President Trump has clearly started off his calving season very early. We often decry politicians who abandon their pre-election promises as soon as they get into office, but sometimes I think it would be much better if they did.
The one area I wished Trump had done so was on tariffs.
Trump’s gripe is that too many countries are running trade surpluses with the US and, as he thinks this is a bad thing, he wants to translate these surpluses into deficits.
The questions that arise are whether bilateral trade imbalances are in some sense “bad” and whether the imposition of tariffs can convert surpluses into deficits.
Ireland is in his sights. The US was our single biggest goods exporting partner in 2023, accounting for €54bn of exported goods from Ireland or over 28% of the total.
We’ve a merchandise trade surplus with the US of about €31bn, but an overall trade deficit, when you include services, of €109bn. It’s curious that trade services has been rarely mentioned of late.
Laws of physics
Early in your training as an economist you learn that tariffs are a bad thing.
They’re a flawed legacy from a distant time when economic thinking was in its infancy. But bad economic ideas, unlike the proven laws of physics, have a tendency to be resurrected from time to time. And most of the time when they are, they result in negative consequences.
One of the greatest economists of all time, John Maynard Keynes, once remarked that: “The ideas of economists … are more powerful than is commonly understood … practical men, who believe themselves to be quite exempt from any intellectual influences, are usually the slaves of some defunct economist.
“Madmen in authority, who hear voices in the air, are distilling their frenzy from some academic scribbler of a few years back.”
Trump’s attachment to tariffs can be traced back to the French mercantilists of the 1500s. The mercantilists thought that the wealth of a nation depended on its ability to accumulate exports at the expense of imports.
This archaic view equated the wealth of nations to their ability to accumulate gold and silver, stored under lock and key in the treasury.
The fundamental flaw in mercantilism, which incidentally was first pointed out over 270 years ago, is that the wealth of a nation has nothing to do with its ability to maintain a permanent trade surplus with its trading partners.
Its wealth lies in its capacity to grow its output by being competitive and innovative.
The pattern of trade reflects the fact that every country is relatively better at producing some goods and services rather than others.
It will export those goods and services where it has a relative competitive advantage and import those that it is relatively less efficient at producing.
It will err grievously, and push down its living standards, if it attempts to produce those goods and services less competitively than its trading partners.
A tariff is nothing more that a discriminatory sales tax. In the importing country, it discriminates by taxing foreign imported goods and services more highly than domestically produced goods and services.
It places exporting countries like ours at a risk of reduced export sales and hence reduced living standards.
The scale of this adjustment will depend on the response of demand for the higher priced goods in the importing country and the ability of the exporting country to find alternative markets.
Resilient
I would hope that the demand for Irish dairy products would be resilient in the face of price increases, as price isn’t the dominant driver of demand.

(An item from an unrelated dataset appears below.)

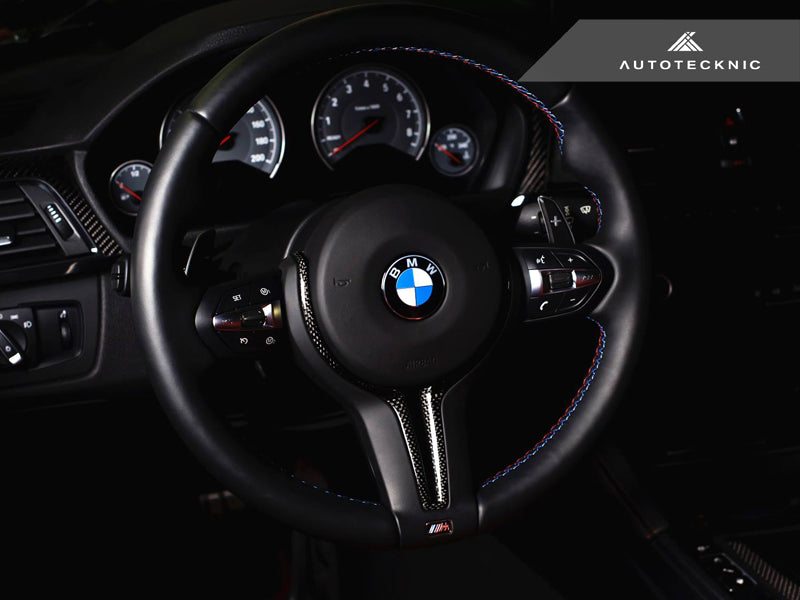 AutoTecknic Carbon Steering Wheel Trim - F87 M2 | F80 M3 | F82/ F83 M4 | F10 M5 LCI | F06/ F12/ F13 M6 AutoTecknic Carbon Steering Wheel Trim - F87 M2 | F80 M3 | F82/ F83 M4 | F10 M5 LCI | F06/ F12/ F13 M6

But it’s not just the consumer market that will be affected by tariff hikes. In the highly integrated inter-country supply chains that exist today, business-to-business transactions will also be affected. A product which production is finalised in the US uses components that are imported from across the world.
The imposition of tariffs on the imported components is a case of the importing country “shooting itself in the foot”.
Tariffs will not only raise the relative prices of final imported goods and the prices of goods produced in the importing country but they are also very likely to lead to inflation, or, persistently rising prices. This impact is the ultimate argument against tariffs. Higher inflation will lead to competitiveness losses in the importing across all of its goods and services. This implies that there’s a self regulating mechanism in the economy that effectively stalls any ultimate improvement in the trade balance.
In the meantime, both the exporting country and the importing country will have suffered in terms of lost jobs, weaker growth and living standards.
I’m afraid if the US sticks to its guns, that’s what the rest of us are facing for the next few years.